Bottlenose Whales in the Arctic
Air Date: February 12, 2021
Living on Earth’s Explorer-in-Residence Mark Seth Lender describes a pod of bottlenose whales as they swim through Hudson Strait above the Arctic Circle, and his impulse to join them.
Transcript
CURWOOD: Life on earth likely began in the primordial soup of the ancient ocean. And humans still carry that original home in our bodies. The salinity in the plasma of our blood is remarkably similar to that of the ocean for example. And in a way, Living on Earth’s Explorer in Residence, Mark Seth Lender says he longs to return.
Conferatur
A Pod of Bottlenose Whales
Hudson Strait
© 2020 Mark Seth Lender
All Rights Reserved
From the far and the wide, at the fall and the waves’ rise a crescent moon of dorsal fin…

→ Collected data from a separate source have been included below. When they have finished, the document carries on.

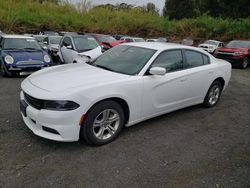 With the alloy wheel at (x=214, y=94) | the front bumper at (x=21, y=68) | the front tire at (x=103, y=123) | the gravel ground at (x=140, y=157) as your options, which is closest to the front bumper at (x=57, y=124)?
the front tire at (x=103, y=123)

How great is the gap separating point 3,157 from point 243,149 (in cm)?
357

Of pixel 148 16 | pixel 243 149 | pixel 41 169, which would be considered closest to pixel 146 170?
pixel 41 169

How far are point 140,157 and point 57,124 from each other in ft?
4.09

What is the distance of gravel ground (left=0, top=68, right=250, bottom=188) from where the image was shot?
297 cm

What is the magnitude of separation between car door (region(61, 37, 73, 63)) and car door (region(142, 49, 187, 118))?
553 centimetres

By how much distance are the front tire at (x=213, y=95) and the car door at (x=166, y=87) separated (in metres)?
1.05

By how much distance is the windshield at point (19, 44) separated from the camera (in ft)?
29.2

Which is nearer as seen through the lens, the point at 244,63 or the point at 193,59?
the point at 193,59

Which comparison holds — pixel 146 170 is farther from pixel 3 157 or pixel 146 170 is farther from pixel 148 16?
pixel 148 16

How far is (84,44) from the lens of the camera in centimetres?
976

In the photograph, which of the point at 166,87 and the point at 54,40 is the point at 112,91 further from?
the point at 54,40

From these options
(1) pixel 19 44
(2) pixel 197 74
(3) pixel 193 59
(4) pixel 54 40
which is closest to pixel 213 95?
(2) pixel 197 74

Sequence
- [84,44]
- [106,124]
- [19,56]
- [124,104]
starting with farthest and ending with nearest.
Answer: [84,44], [19,56], [124,104], [106,124]

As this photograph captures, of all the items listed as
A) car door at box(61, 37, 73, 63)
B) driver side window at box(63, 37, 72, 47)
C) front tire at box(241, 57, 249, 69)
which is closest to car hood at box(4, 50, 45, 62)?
car door at box(61, 37, 73, 63) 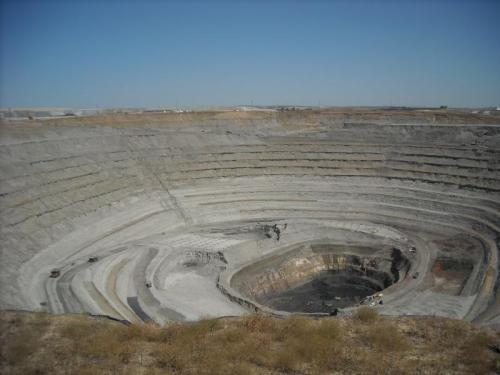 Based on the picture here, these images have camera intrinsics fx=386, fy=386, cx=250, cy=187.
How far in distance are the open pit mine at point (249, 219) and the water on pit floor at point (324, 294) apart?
0.14 metres

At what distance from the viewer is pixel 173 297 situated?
77.0ft

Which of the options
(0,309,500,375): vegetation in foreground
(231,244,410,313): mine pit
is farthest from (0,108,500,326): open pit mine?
(0,309,500,375): vegetation in foreground

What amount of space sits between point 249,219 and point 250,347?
27.3 metres

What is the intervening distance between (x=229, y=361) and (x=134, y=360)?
2.62 m

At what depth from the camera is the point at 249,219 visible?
3831cm

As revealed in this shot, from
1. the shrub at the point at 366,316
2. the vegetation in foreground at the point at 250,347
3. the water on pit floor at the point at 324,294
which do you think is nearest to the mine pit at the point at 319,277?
the water on pit floor at the point at 324,294

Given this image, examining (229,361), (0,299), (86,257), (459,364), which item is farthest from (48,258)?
(459,364)

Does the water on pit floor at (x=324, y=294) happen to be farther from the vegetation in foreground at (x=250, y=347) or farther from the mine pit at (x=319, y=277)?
the vegetation in foreground at (x=250, y=347)

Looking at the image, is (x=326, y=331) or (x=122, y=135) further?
(x=122, y=135)

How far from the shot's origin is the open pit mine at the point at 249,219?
23750 mm

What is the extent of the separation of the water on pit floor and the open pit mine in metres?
0.14

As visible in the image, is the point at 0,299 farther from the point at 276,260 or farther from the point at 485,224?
the point at 485,224

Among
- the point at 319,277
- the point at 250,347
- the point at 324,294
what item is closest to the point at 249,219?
the point at 319,277

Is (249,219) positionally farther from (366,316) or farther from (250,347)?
(250,347) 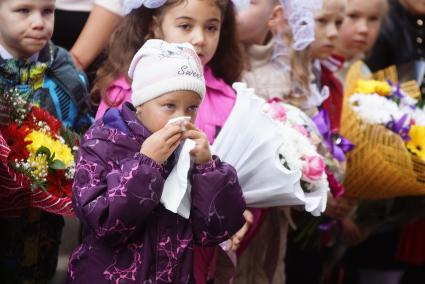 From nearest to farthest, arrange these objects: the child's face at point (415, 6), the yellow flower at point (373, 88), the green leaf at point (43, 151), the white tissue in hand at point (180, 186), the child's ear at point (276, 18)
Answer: the white tissue in hand at point (180, 186)
the green leaf at point (43, 151)
the child's ear at point (276, 18)
the yellow flower at point (373, 88)
the child's face at point (415, 6)

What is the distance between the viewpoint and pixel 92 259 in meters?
3.14

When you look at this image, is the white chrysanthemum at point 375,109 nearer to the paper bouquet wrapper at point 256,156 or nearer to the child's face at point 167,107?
the paper bouquet wrapper at point 256,156

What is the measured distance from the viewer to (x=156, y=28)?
388cm

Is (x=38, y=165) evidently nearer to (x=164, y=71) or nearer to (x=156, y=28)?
(x=164, y=71)

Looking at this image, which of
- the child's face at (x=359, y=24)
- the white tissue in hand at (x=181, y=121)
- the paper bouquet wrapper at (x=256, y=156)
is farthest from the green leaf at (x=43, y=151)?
the child's face at (x=359, y=24)

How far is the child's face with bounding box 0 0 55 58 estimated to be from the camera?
3600 millimetres

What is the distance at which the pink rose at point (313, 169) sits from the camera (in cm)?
385

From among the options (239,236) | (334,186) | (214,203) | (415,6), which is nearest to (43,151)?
(214,203)

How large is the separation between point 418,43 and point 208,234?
10.2 feet

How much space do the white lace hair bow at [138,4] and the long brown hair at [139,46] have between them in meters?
0.02

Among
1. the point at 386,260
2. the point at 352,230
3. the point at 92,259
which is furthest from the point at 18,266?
the point at 386,260

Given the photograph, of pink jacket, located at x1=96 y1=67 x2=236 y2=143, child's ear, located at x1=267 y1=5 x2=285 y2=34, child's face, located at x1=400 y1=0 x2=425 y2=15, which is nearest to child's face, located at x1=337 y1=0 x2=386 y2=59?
child's face, located at x1=400 y1=0 x2=425 y2=15

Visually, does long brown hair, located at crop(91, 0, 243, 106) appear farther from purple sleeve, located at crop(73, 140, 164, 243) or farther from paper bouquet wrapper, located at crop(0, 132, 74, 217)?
purple sleeve, located at crop(73, 140, 164, 243)

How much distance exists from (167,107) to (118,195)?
37cm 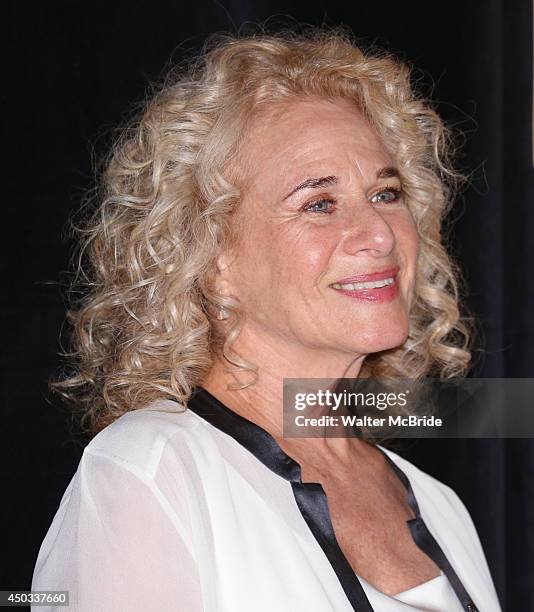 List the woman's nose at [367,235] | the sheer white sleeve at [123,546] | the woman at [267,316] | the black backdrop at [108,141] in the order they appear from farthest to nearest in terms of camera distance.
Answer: the black backdrop at [108,141]
the woman's nose at [367,235]
the woman at [267,316]
the sheer white sleeve at [123,546]

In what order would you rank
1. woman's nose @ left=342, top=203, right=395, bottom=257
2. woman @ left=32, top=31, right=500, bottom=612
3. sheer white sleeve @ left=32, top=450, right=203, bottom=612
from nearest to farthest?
sheer white sleeve @ left=32, top=450, right=203, bottom=612, woman @ left=32, top=31, right=500, bottom=612, woman's nose @ left=342, top=203, right=395, bottom=257

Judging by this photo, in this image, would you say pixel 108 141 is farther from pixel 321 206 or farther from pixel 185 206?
pixel 321 206

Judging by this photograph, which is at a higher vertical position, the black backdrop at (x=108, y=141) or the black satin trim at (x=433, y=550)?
the black backdrop at (x=108, y=141)

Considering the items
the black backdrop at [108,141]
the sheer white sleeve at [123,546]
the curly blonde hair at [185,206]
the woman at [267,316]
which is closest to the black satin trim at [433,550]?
the woman at [267,316]

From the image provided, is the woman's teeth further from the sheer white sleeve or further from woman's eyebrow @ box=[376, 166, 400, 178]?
the sheer white sleeve

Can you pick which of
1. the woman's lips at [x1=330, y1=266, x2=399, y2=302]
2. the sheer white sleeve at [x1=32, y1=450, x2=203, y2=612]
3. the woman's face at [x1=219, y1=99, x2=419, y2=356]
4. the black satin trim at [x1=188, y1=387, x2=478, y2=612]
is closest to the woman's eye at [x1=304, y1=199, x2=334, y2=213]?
the woman's face at [x1=219, y1=99, x2=419, y2=356]

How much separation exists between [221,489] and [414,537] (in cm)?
40

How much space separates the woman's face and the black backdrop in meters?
0.40

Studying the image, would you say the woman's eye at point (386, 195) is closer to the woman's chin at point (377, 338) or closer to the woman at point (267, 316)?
the woman at point (267, 316)

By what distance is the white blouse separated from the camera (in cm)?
109

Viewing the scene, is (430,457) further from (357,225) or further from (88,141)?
(88,141)

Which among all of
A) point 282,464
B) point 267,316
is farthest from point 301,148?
point 282,464

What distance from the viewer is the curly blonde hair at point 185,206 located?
1393mm

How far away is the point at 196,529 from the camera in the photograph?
1139 millimetres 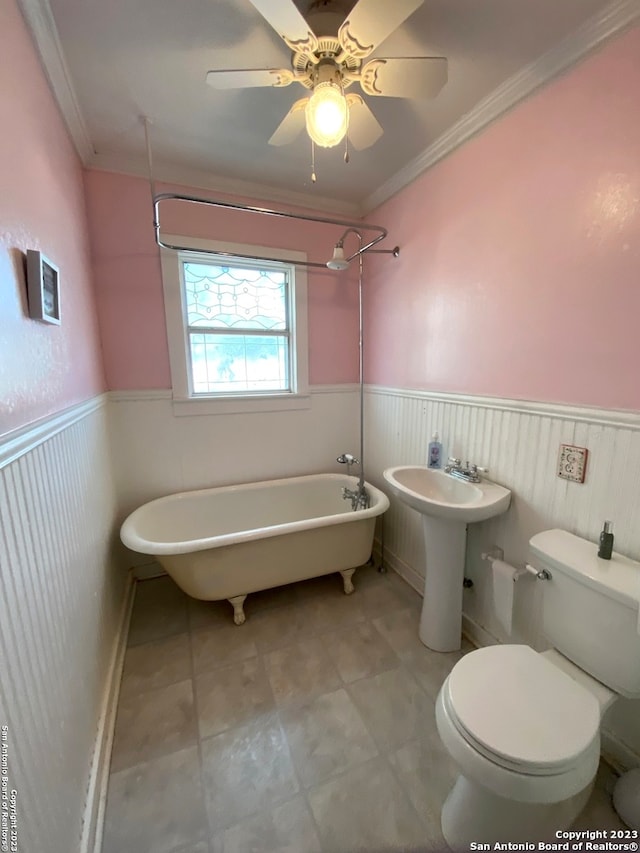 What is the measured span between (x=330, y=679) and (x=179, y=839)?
2.30ft

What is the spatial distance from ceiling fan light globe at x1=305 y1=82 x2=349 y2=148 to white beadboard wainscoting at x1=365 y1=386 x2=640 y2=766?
1211 millimetres

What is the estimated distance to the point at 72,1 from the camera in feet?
3.43

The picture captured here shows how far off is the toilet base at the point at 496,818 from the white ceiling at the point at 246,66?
7.47 ft

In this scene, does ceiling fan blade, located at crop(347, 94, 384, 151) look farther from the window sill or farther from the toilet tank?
the toilet tank

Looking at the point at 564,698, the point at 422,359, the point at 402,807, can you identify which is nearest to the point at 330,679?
the point at 402,807

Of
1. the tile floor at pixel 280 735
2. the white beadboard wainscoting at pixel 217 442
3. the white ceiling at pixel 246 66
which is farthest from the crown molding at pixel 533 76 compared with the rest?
the tile floor at pixel 280 735

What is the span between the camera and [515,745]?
32.9 inches

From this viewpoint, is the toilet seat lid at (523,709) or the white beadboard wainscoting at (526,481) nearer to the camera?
the toilet seat lid at (523,709)

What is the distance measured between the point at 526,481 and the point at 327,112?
5.03ft

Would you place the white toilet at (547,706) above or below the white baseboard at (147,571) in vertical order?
above

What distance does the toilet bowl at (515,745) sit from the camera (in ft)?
2.67

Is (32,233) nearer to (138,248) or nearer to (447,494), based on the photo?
(138,248)

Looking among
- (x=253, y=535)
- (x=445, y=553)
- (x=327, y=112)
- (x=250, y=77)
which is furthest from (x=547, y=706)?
(x=250, y=77)

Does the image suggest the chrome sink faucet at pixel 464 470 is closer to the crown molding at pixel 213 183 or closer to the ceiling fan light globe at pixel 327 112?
the ceiling fan light globe at pixel 327 112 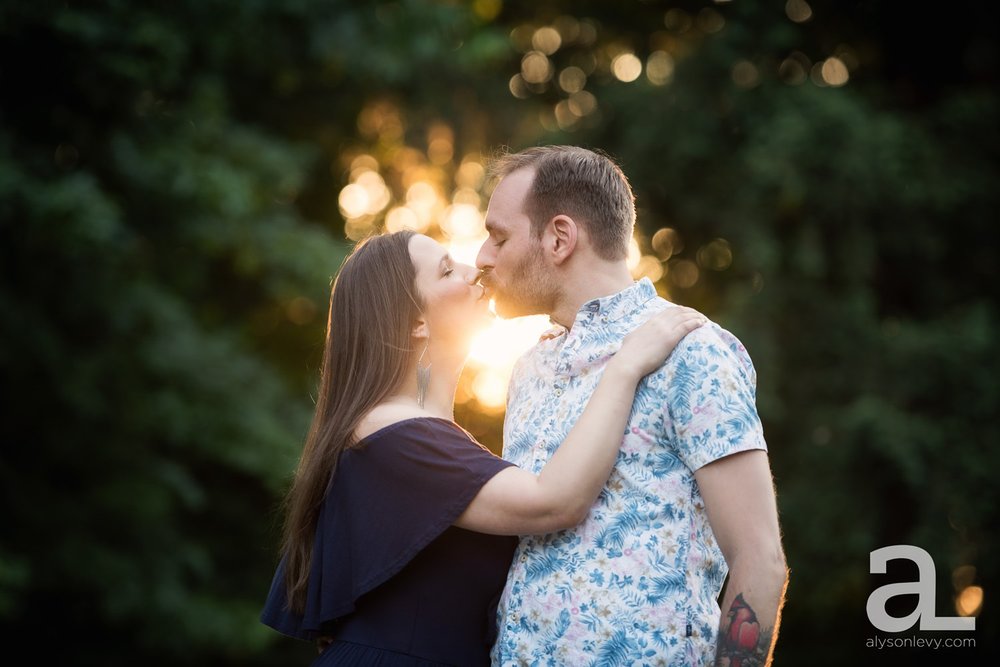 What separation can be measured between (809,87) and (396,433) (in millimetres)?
8303

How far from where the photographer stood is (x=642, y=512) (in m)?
2.65

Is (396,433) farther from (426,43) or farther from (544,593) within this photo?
(426,43)

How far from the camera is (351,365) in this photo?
3062 mm

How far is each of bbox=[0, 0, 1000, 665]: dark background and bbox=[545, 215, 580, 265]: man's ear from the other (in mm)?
5125

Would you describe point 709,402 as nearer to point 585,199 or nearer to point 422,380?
point 585,199

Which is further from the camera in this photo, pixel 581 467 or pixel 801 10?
pixel 801 10

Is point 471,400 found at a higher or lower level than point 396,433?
higher

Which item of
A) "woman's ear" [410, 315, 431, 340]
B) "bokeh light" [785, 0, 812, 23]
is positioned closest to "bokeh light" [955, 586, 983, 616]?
"bokeh light" [785, 0, 812, 23]

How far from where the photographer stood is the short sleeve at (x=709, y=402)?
99.6 inches

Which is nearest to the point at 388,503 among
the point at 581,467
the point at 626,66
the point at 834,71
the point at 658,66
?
the point at 581,467

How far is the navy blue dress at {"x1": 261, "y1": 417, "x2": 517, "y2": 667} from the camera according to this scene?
2773 millimetres

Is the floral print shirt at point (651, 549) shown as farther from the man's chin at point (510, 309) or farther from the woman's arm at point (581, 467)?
the man's chin at point (510, 309)

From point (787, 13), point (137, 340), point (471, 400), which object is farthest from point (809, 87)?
point (137, 340)

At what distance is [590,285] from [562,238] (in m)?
0.16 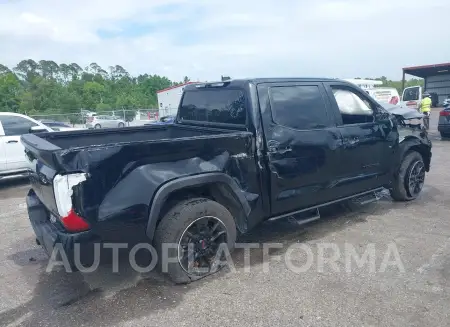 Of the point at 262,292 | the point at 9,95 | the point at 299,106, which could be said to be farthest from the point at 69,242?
the point at 9,95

An archipelago of long forms…
Floating islands turning, wide...
The flash of pallid sun in the damp of Arctic Circle light…
Like magic!
They come:
Bottlenose whales in alongside.

Some pass under the keel. And finding none like us, return.
They raise themselves as much as they can to make their deep eyes shallow; to see as much as they can. As long as they can. As we drift. Engines cut. A listing hulk. And they follow looking up and up.
Their desire they cannot escape is my desire I cannot escape, to look, into the eyes, of the Other! This is how we speak, each to the Other. I do not want to leave here.
If I could I would abandon ship, stand on the rail and plunge…
If only my blood would not freeze...
If only I could hold my breath and dive, like them...
If only to quench my thirst I could drink brine....
We came from the sea and are still of it, our beating hearts the rocking of the tide, brought inside, so we could walk away. Having walked, there is no turning back.

Flank speed into the starless dark we rove, the helmsman clinging to the wheel, the wavecrests snapping at our heels. Ice scrapes its nails along the hull, its prying fingers at the watertight doors.
And I am different than I was, Before.
CURWOOD: That’s Living on Earth’s Explorer in Residence, Mark Seth Lender.